Ted Hudacko’s fate was sealed when his son’s court-appointed counsel, Daniel Harkins, wrote in his notes, “[t]hese parents have a choice, they can either continue to believe that they should be in total control of their child’s life or they can come to an understanding that those days are past . . . and give their children some independence and the ability to make some of their own decisions.”
The decisions in question? Whether to start Hudacko’s trans-identified 16-year-old son on a puberty-blocker regimen, followed by a course of estrogen.
As Abigail Shrier recounted in a 2022 City Journal investigative report, shortly after returning from a trip to New York with their two sons, Hudacko’s wife, Christine, told him that she wanted a divorce—and that their oldest son identified as transgender. During divorce proceedings, the presiding judge, Joni Hiramoto, granted Hudacko shared legal and physical custody of his youngest, but stripped him of all custody of his trans-identified son. Hudacko was concerned about administering experimental drugs and preferred to wait and see if his son’s gender issues might resolve on their own, as usually happens in such cases. To the California judge, this confirmed his unfitness as a father.

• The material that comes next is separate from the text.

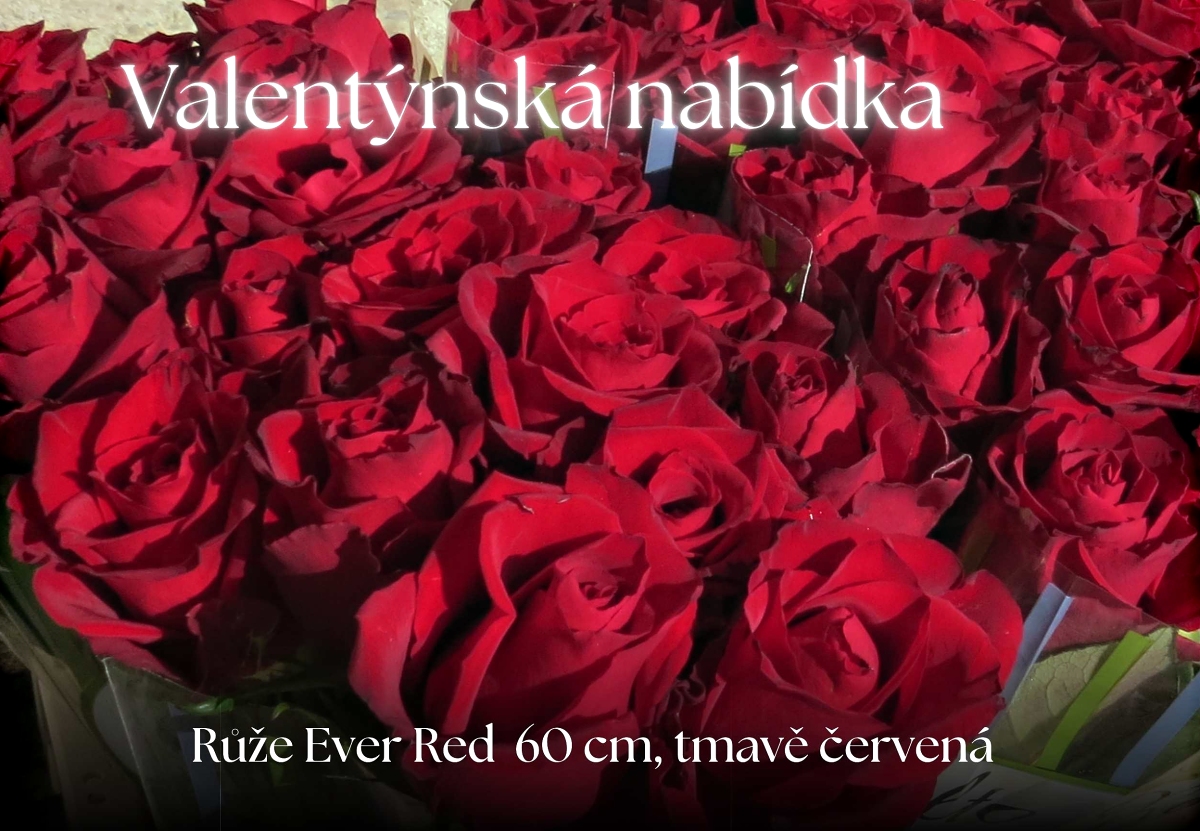 Ruze Ever Red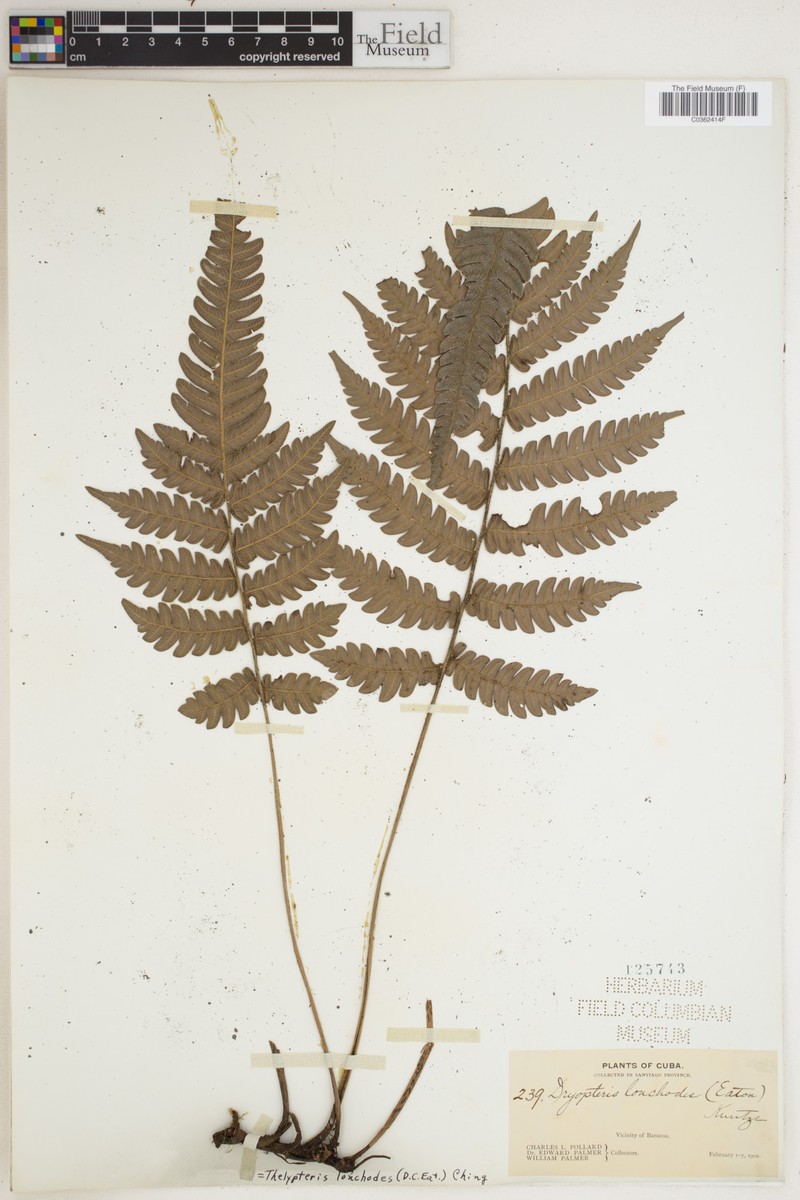 Thelypteris lonchodes photo 3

Hiramoto’s view is shared by a growing social movement bent on deeming parents “abusive” for declining to “affirm” their child’s “gender identity.” The idea that failing to endorse a child’s identity constitutes psychological abuse has spread across major American institutions and power centers and is reflected in recent court precedent, school “social transition” policies, journal publications, and several proposed state laws. Illinois’s House Bill 4876, for example, would redefine child abuse to include denying minors “necessary medical . . . gender-affirming services,” meaning parents who take a more cautious approach to their child’s dysphoria—an approach endorsed by a growing number of European countries—could become targets of investigation by the Illinois Department of Children and Families, with some even losing custody.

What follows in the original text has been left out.